L’inizio di una storia.

La macchia sul muro si allargava e fuori pioveva. Piu’ acqua scendeva, piu’ i miei occhi osservavano dal letto forme astratte crearsi sul muro. Con il mal di stomaco corrente, di quelli che ti vengono dopo aver mangiato di corsa ed essere uscito smanicato con meno quindici gradi, steso, stringendo le lenzuola e la coperta di lana tra le mie mani.

I telecomandi sono troppo lontani e fa troppo freddo per aver voglia di uscire dal mio caldo nido, il secondo cuscino è un po’ troppo alto e lo uso come peluche, lo abbraccio, ci poggio sopra la testa e mi metto su di un fianco. Guardo la vetrina della mia camera, con dentro pochi oggetti tra quelli un paio di regali ancora inscatolati che forse rimarranno li per molto.
E’ tutto spento, il lampione fuori di sponda illumina l’angolo di muro macchiato dall’umidità. Una macchia gialla, sporca e grossa. Che mi fissa.

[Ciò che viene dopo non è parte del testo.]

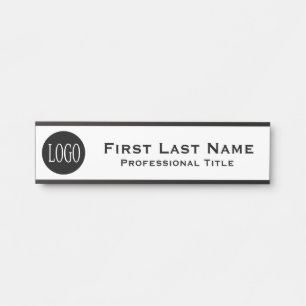 Letrero Para Puerta Logotipo de su empresa Señal de puerta de oficina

Il telefono del display illumina il resto della stanza. Chi sarà. Lo giro in giù, ora non mi va.
Ho davvero mal di stomaco, non quello delle farfalle, non quello delle ansie, quello reale, forse dire mal di stomaco, vi sembra riduttivo o astratto. Ma c’è.
Non riesco a prendere sonno e decido di punto in bianco di alzarmi, i miei piedi poggiano sui calzini, umidicci da quando sono tornato, me li metto e prendo le scarpe, senza suola, entra tutta l’acqua. Dovro’ comprarne un paio nuovo.
Mi soffermo a guardare la macchia e mi chiedo se davvero ho voglia di uscire a quest’ora… Domani mi devo alzare, forse è meglio che mi rimetto a dormire.

Prendo il telefono per guardare l’ora, un messaggio dice “Sto venendo da te :)”.
E’ una delle peggiori serate della mia vita, mi fa male lo stomaco, una macchia umida sta invadendo la mia stanza ed i miei calzini sono bagnati e puzzolenti. Pero’ dentro di me so che capirà, lo spero.

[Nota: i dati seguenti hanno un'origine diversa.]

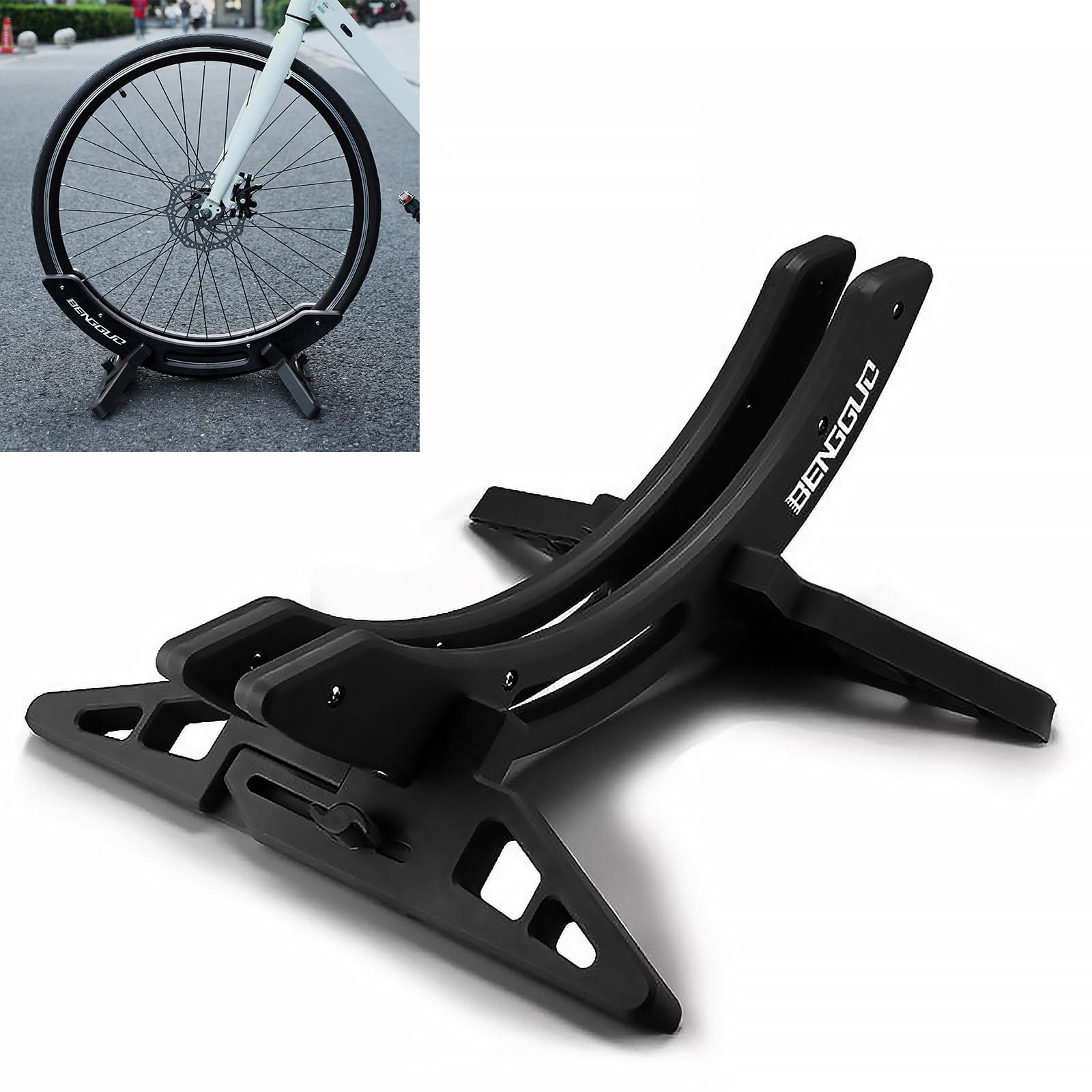 Yeeda Fiets-vloerstandaard, vrijstaande fiets-standaard, fietshouder vloerstandaard fietsstandaard van hout, universeel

Decido di correre in bagno a darmi una sciacquata, rapida, sistemo le lenzuola in modo che sembri tutto ordinato…Certo, ma il portatile a terra, i borsoni e zaini ? E’ buoio, sfrutta le ombre per non mostrarli.

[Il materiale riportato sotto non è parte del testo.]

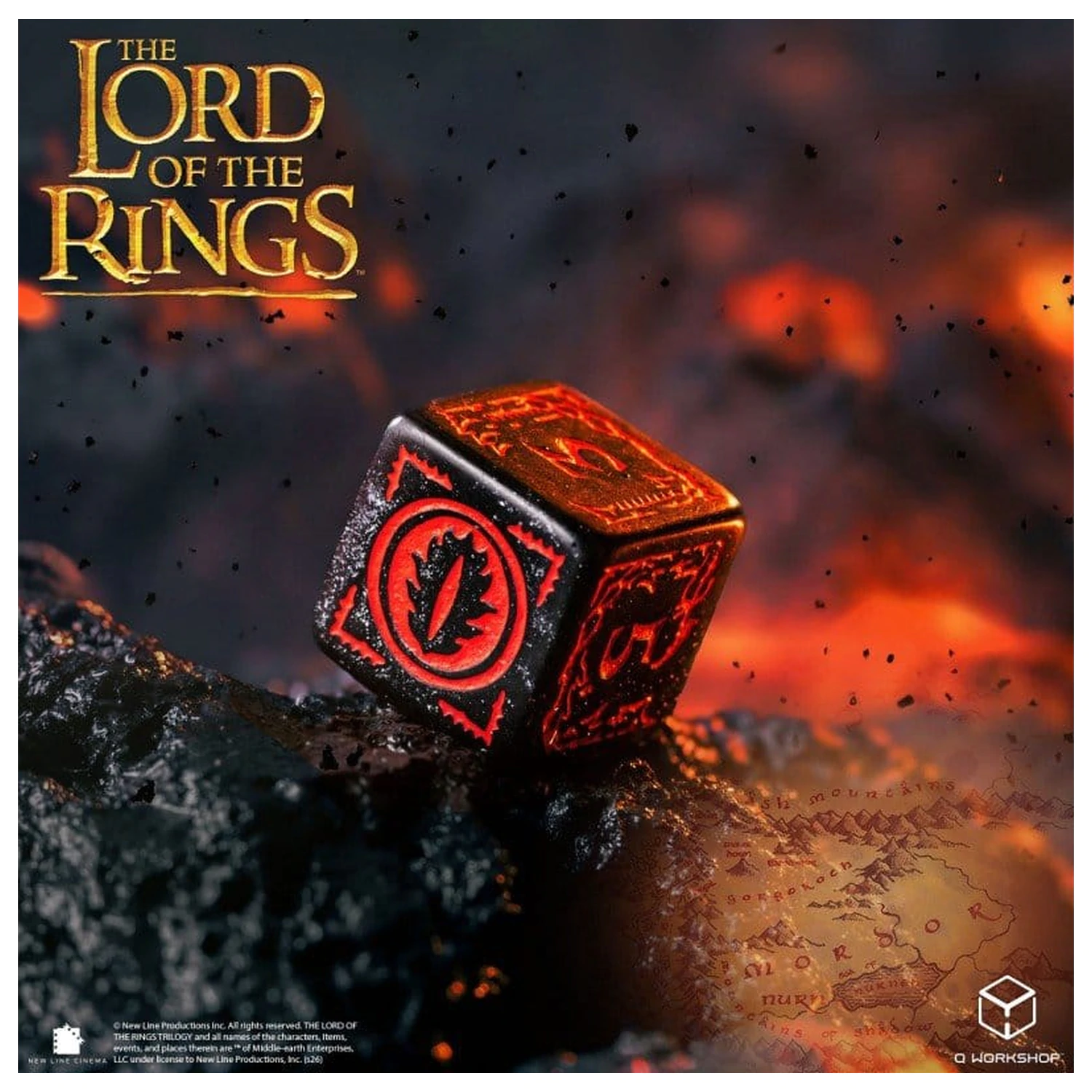 The Lord of the Rings 7 db-os dobókocka csomag Mordor termékfotó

Il campanello suona, vado alla porta ma prima mi guardo allo specchio “Arrivo”, mano tra i capelli pensando che potevo anche essere piu’ decente.
La mia mano scorre sulla gelida maniglia fredda e apre la porta.
Gelido rimane anche il mio sguardo, che è rimasto a fissare quella macchia, tra le lenzuola strette tra le mie mani e un cuscino inanimato che prova a darmi affetto, un freddo e triste sorriso si puo’ scorgere sul mio volto, ora la luce tenue di quel lampione sta riflettendo anche le lacrime sul mio viso.